CNN's Chris Cuomo Is Leaving Morning for Primetime
John Berman will replace Cuomo as co-anchor of morning show 'New Day,' with Alisyn Camerota.
CNN must have liked Chris Cuomo's monthlong stint hosting in the 9 p.m. slot earlier this year, because they're making it permanent.
Starting this spring, Cuomo will leave his position co-anchoring morning show New Day and will take over the primetime slot indefinitely, The Hollywood Reporter has confirmed. Until Cuomo returns to the evening slot, he will remain with Alisyn Camerota in the morning.
CNN announced the move late on Wednesday morning, and said that John Berman will replace Cuomo on New Day. Right now, Berman co-anchors CNN Newsroom with Poppy Harlow. (The move was first reported by The New York Times.)
In early January, as Cuomo began his temporary show Cuomo Prime Time, THR asked him if he'd be interested in moving to the evening hour full-time.
"To me, I have no ambition beyond what I'm doing right now," Cuomo said at the time. "I'm happy to have the opportunity. I think I'll be able to handle both for the duration of this. And that's good enough for me."

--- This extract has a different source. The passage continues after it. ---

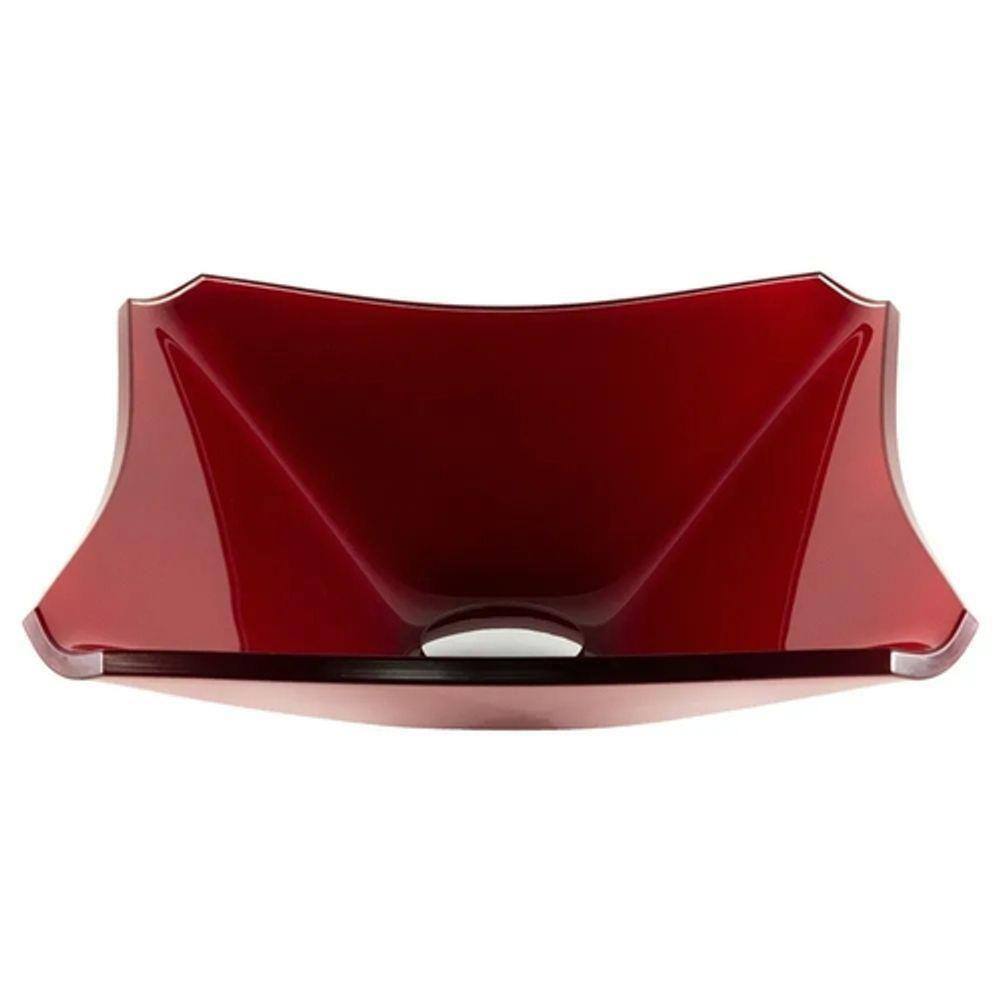 Cuba de Vidro Quadrada Chanfrada 34cm Vermelho Cereja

Cuomo did double-duty during the month, anchoring for three hours in the morning and one more at night. His stint in the slot generated headline-making interviews with some of his most well-known sparring partners, including White House counselor to the president Kellyannne Conway and onetime communications director Anthony Scaramucci.

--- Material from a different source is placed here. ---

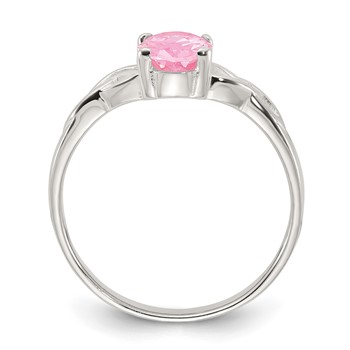 Sterling Silver Polished Pink CZ Ring — alternate view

"Christopher has an opportunity to craft his own kind of show and to hew more closely to his reporter skills," Conway told THR. "To succeed, he should shroud his politics more and argue with people on social media less.”
A rep for The Mooch said he's happy with the news of his friend's promotion. "They always have good, lively interactions and have great respect for each other," he said.

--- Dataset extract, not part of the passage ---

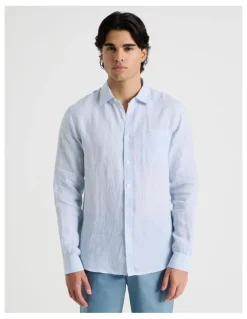 Blaq Linen Stripe Long Sleeve Shirt in Light Blue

Cuomo's interview style is brash and colorful, and, with his trademark phrase, "Let's get after it," the political scion — son of former New York governor Mario Cuomo and brother of the current governor — will bring his trademark flair to an hour that is currently occupied by the second hour of Anderson Cooper's show.
"I think theatricality and hyper-emotiveness is a sugar high and doesn't work for me on television," Cuomo said of his hosting philosophy in January. "I will generate plenty of buzz by bringing back into focus the most valued commodity in our business, which is the one-on-one interview."
Conway, his longtime friend, is optimistic that Cuomo won't revert to the worst tropes of the business. "If he could resist what's become groupthink and a lot of same old, not-very-bold television, he'll flourish," she said.